Records excerpted from a collection
==============================

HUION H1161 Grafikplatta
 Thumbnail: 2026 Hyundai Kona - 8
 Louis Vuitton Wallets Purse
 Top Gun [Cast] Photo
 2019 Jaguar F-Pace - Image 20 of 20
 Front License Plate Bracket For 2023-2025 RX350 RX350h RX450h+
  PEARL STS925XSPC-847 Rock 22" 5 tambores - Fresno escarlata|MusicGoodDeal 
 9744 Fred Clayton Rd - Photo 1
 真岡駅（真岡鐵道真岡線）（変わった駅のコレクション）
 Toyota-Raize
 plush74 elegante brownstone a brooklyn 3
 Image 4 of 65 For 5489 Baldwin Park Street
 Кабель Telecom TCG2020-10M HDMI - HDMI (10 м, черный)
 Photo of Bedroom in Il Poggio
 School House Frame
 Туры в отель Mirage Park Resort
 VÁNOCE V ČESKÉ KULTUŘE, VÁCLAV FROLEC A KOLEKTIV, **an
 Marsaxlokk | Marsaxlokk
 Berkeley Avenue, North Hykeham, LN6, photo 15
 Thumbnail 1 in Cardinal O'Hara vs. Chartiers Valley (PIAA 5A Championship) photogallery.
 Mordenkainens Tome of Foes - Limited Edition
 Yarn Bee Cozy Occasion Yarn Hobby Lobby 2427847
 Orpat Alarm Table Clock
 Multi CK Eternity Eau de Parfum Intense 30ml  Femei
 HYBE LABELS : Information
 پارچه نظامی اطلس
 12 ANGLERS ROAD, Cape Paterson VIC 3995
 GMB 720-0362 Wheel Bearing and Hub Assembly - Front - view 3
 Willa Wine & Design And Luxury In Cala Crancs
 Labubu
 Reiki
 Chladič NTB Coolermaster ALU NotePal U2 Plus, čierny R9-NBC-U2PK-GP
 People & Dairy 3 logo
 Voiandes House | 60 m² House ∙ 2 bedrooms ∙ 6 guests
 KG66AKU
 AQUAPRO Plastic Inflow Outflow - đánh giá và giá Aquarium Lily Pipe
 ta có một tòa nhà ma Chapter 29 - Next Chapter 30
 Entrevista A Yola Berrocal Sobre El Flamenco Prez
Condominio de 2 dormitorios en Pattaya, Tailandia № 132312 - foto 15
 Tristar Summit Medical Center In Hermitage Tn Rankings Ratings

==============================

§ **Exercise aim**: Could you repeat exactly the lines above from the line with "Top Gun [Cast] Photo" up to and including the line with "Condominio de 2", and only those?

§ **Answer box**:
 Top Gun [Cast] Photo
 2019 Jaguar F-Pace - Image 20 of 20
 Front License Plate Bracket For 2023-2025 RX350 RX350h RX450h+
  PEARL STS925XSPC-847 Rock 22" 5 tambores - Fresno escarlata|MusicGoodDeal 
 9744 Fred Clayton Rd - Photo 1
 真岡駅（真岡鐵道真岡線）（変わった駅のコレクション）
 Toyota-Raize
 plush74 elegante brownstone a brooklyn 3
 Image 4 of 65 For 5489 Baldwin Park Street
 Кабель Telecom TCG2020-10M HDMI - HDMI (10 м, черный)
 Photo of Bedroom in Il Poggio
 School House Frame
 Туры в отель Mirage Park Resort
 VÁNOCE V ČESKÉ KULTUŘE, VÁCLAV FROLEC A KOLEKTIV, **an
 Marsaxlokk | Marsaxlokk
 Berkeley Avenue, North Hykeham, LN6, photo 15
 Thumbnail 1 in Cardinal O'Hara vs. Chartiers Valley (PIAA 5A Championship) photogallery.
 Mordenkainens Tome of Foes - Limited Edition
 Yarn Bee Cozy Occasion Yarn Hobby Lobby 2427847
 Orpat Alarm Table Clock
 Multi CK Eternity Eau de Parfum Intense 30ml  Femei
 HYBE LABELS : Information
 پارچه نظامی اطلس
 12 ANGLERS ROAD, Cape Paterson VIC 3995
 GMB 720-0362 Wheel Bearing and Hub Assembly - Front - view 3
 Willa Wine & Design And Luxury In Cala Crancs
 Labubu
 Reiki
 Chladič NTB Coolermaster ALU NotePal U2 Plus, čierny R9-NBC-U2PK-GP
 People & Dairy 3 logo
 Voiandes House | 60 m² House ∙ 2 bedrooms ∙ 6 guests
 KG66AKU
 AQUAPRO Plastic Inflow Outflow - đánh giá và giá Aquarium Lily Pipe
 ta có một tòa nhà ma Chapter 29 - Next Chapter 30
 Entrevista A Yola Berrocal Sobre El Flamenco Prez
Condominio de 2 dormitorios en Pattaya, Tailandia № 132312 - foto 15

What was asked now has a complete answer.